The list of the hooks enabled for this very run of one of the tools is printed on startup for reference.
Makedata should be considered a framework for consistency checking in the following situations:
- replication
- hot backup
- upgrade
- dc2dc
The replication fuzzing test should be used to ensure the above with randomness added.
Makedata is by default ran with one dataset. However, it can also be used as load generator. For this case especialy, the counters have to be respected, so subsequent runs don't clash with earlier runs. The provided dbCount / loopCount should be used in identifiers to ensure this.

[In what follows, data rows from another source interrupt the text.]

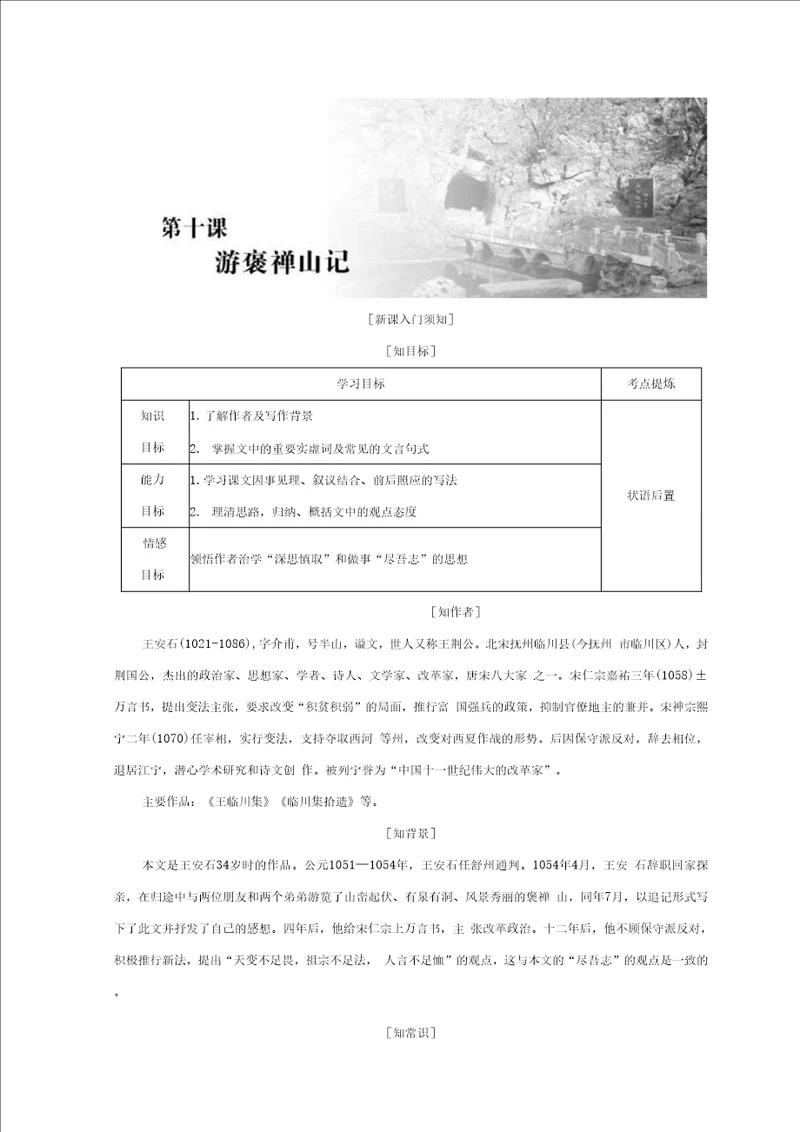 高中语文人教必修二教学案第三单元第十课游褒禅山记含答案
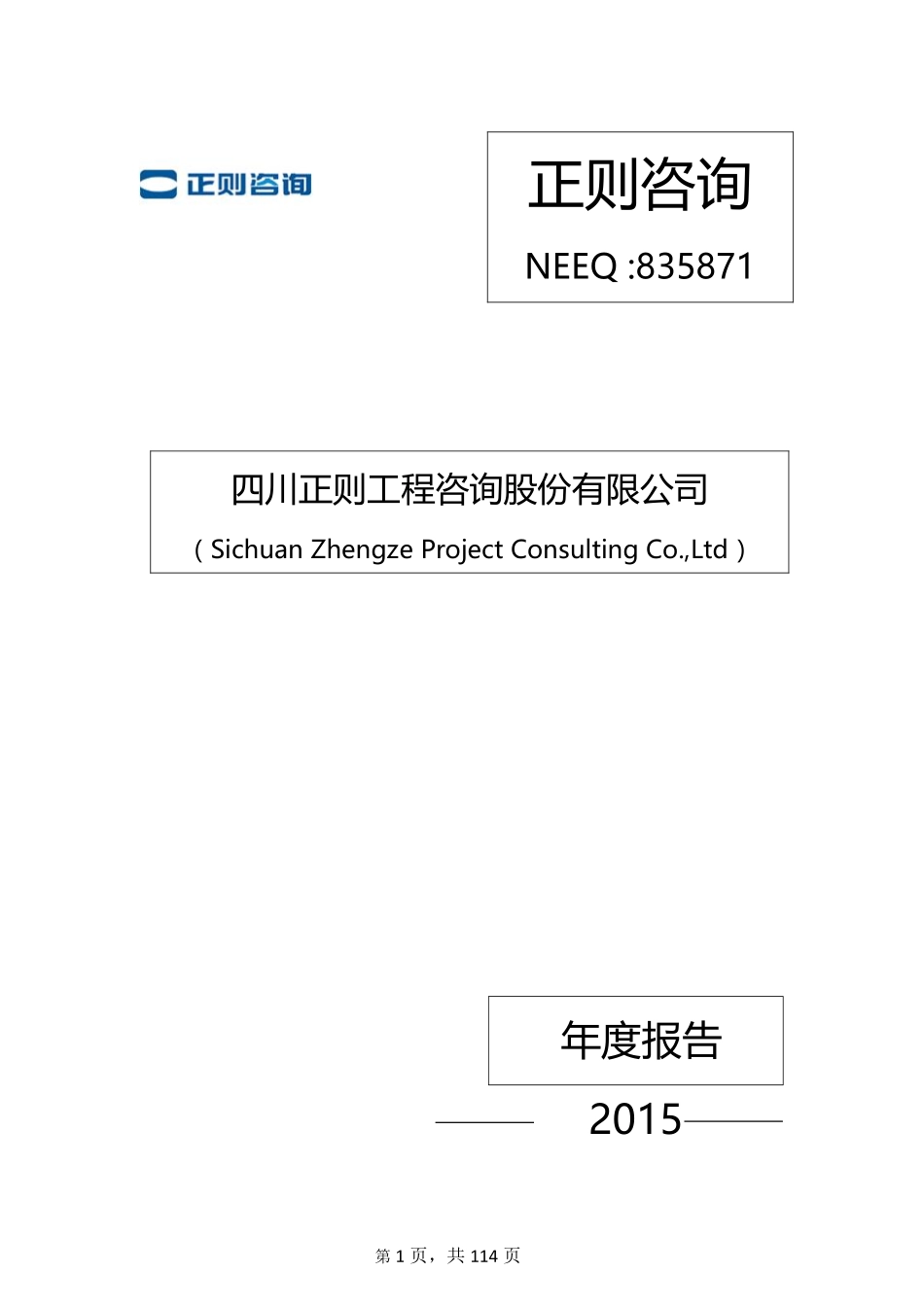 835871_2015_正则咨询_2015年年度报告_2016-04-04.pdf_第1页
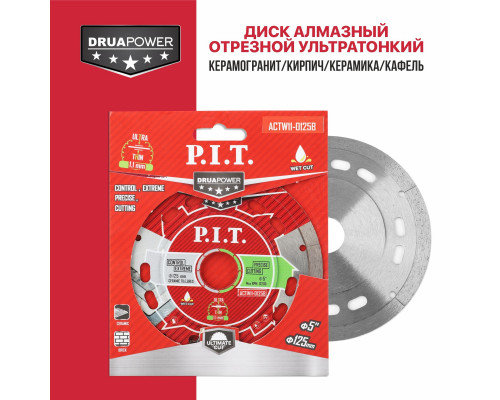 Диск алмазный отрезной ультратонкий P.I.T. (ACTW11-0125B)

To Aid development, the makedata framework can be launched from within the arangodb unittests, if this repository is checked out next to it:
./scripts/unittest rta_makedata --extremeVerbosity true --cluster true --makedata_args:bigDoc true
If you want to filter for the scripts you can specify a coma separated list:
./scripts/unittest rta_makedata --extremeVerbosity true --cluster true --makedata_args:bigDoc true --test '010,020,050'
It should be obvious whether a test is run in a scenario or not. Hence the list of executed tests is output:
.------------------------------------------------.
| DB | loop | testname |
|----|------|------------------------------------|
| X | X | 000_dummy.js |
| | | 005_check_system_collection.js |
| X | | 020_foxx.js |
| | X | 100_collections.js |
'------------------------------------------------'
with the following meanings:
- no
X
: this test is not applicable for the current environment and will be skipped X
inDB
-column: This test has database level functionalityX
inloop
-column: This test has loop-level functionality
RTA Makedata is embedded into arangodb and RTA; Hence a PR on RTA Makedata has to be sidelined by two PRs.